そのときの車もアウディだったが、今も毎日アウディに乗っている。それが1984年のアウディスポルトだ。人目では何の車なのかわからない人のほうが多くなったが、1984年ごろのラリー界で注目されたのがこの車だった。

1984年ごろ、WRCラリーのカテゴリーBでプジョーやフォードと戦っていたクワトロは、常にトップレベルをキープしていた。

4駆やABS、セルフロッキング・ディファレンシャルといった技術は当時最先端のテクノロジーで、それがすべて詰まっていたのだった。

デザインで特長的なのは大きなグリルに加え、ボンネットとバンパーにあるインテイク。これによってラジエーターとオイル・クーラーを冷やし、戦える車になった。ボディサイズは全長4,160mm×全幅1,800mm×全高1,340mm。1980年に開発されたUrクワトロよりもホイールベースは320mmほど短く、2200mm。

重さは1トンと軽く、2,133cc直5DOHC20Vターボは最高出力306psというモンスター。

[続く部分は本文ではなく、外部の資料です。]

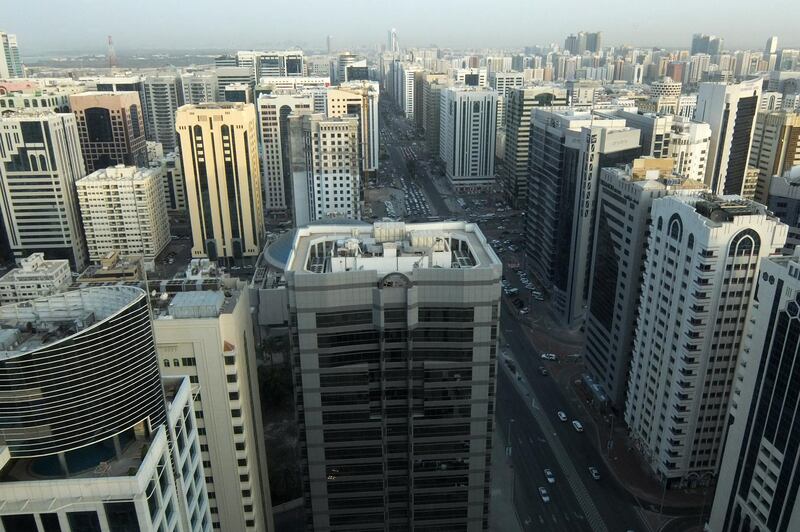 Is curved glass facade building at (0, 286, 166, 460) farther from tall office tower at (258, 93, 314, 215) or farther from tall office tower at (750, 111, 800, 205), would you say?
tall office tower at (750, 111, 800, 205)

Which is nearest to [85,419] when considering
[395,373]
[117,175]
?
[395,373]

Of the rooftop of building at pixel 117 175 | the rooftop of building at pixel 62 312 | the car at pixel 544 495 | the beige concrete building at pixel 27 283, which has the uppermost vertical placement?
the rooftop of building at pixel 62 312

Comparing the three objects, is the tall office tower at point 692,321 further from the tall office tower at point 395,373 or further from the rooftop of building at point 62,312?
the rooftop of building at point 62,312

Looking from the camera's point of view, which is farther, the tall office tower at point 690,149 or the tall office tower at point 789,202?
the tall office tower at point 690,149

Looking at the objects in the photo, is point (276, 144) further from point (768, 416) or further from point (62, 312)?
point (62, 312)

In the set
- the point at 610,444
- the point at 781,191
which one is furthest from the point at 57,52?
the point at 781,191

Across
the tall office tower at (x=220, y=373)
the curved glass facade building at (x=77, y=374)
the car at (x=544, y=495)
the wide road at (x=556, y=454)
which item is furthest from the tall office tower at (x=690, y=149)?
the curved glass facade building at (x=77, y=374) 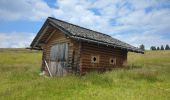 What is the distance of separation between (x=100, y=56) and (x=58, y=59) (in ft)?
12.5

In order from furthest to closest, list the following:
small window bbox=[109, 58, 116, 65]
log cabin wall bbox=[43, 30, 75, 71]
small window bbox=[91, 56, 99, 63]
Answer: small window bbox=[109, 58, 116, 65] < small window bbox=[91, 56, 99, 63] < log cabin wall bbox=[43, 30, 75, 71]

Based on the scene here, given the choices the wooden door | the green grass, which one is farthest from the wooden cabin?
the green grass

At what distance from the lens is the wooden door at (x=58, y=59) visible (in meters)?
19.8

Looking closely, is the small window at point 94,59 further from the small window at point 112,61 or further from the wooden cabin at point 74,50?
the small window at point 112,61

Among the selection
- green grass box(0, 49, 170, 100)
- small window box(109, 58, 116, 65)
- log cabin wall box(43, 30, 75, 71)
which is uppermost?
log cabin wall box(43, 30, 75, 71)

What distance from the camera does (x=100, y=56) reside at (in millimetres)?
20250

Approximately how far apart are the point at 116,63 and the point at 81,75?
5286 millimetres

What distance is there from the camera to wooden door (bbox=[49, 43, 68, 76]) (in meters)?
19.8

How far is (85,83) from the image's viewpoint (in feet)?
46.4

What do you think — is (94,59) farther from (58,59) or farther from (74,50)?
(58,59)

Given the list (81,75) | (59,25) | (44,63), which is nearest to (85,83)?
(81,75)

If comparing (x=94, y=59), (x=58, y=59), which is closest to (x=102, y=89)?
(x=94, y=59)

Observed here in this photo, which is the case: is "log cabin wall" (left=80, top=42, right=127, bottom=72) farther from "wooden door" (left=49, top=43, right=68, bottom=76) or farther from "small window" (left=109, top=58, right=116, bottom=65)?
"wooden door" (left=49, top=43, right=68, bottom=76)

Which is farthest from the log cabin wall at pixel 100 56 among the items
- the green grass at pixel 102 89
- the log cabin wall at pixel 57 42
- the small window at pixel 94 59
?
the green grass at pixel 102 89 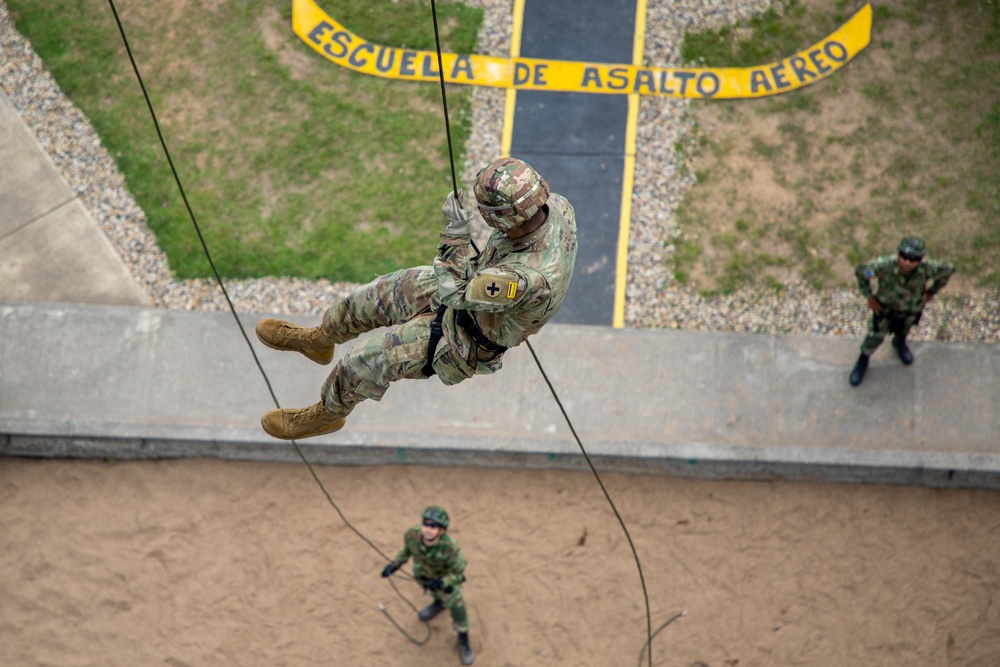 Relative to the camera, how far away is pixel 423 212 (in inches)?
420

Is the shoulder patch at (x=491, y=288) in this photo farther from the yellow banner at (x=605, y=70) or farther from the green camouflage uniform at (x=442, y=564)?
the yellow banner at (x=605, y=70)

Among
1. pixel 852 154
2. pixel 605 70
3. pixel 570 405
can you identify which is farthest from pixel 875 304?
pixel 605 70

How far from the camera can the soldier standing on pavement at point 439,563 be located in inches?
323

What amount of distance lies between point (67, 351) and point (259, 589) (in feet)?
10.2

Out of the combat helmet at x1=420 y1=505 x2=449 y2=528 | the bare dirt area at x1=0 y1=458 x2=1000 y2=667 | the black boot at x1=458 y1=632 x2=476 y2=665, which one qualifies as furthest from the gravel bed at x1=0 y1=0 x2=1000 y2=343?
the black boot at x1=458 y1=632 x2=476 y2=665

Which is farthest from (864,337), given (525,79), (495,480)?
(525,79)

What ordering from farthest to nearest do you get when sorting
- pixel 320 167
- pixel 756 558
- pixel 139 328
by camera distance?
pixel 320 167 → pixel 139 328 → pixel 756 558

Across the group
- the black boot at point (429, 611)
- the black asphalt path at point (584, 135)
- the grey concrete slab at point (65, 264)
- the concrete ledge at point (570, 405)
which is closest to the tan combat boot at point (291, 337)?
the concrete ledge at point (570, 405)

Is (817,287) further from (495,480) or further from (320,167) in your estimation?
(320,167)

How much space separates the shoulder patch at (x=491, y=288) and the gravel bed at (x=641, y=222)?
5186 mm

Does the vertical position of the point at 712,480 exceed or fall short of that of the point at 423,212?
it falls short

さて、このホットハッチは世界で214台と、数が少ない。それは、WRCで勝つために作られ、ホモロゲーション取得のために製造したからだ。

その後1985年にさらに競技用のS1が開発され、真のアイコンとなっていく。

ちなみに、1984型は米国では販売されたことがないため、オークションでは5000万円付近の値がつく。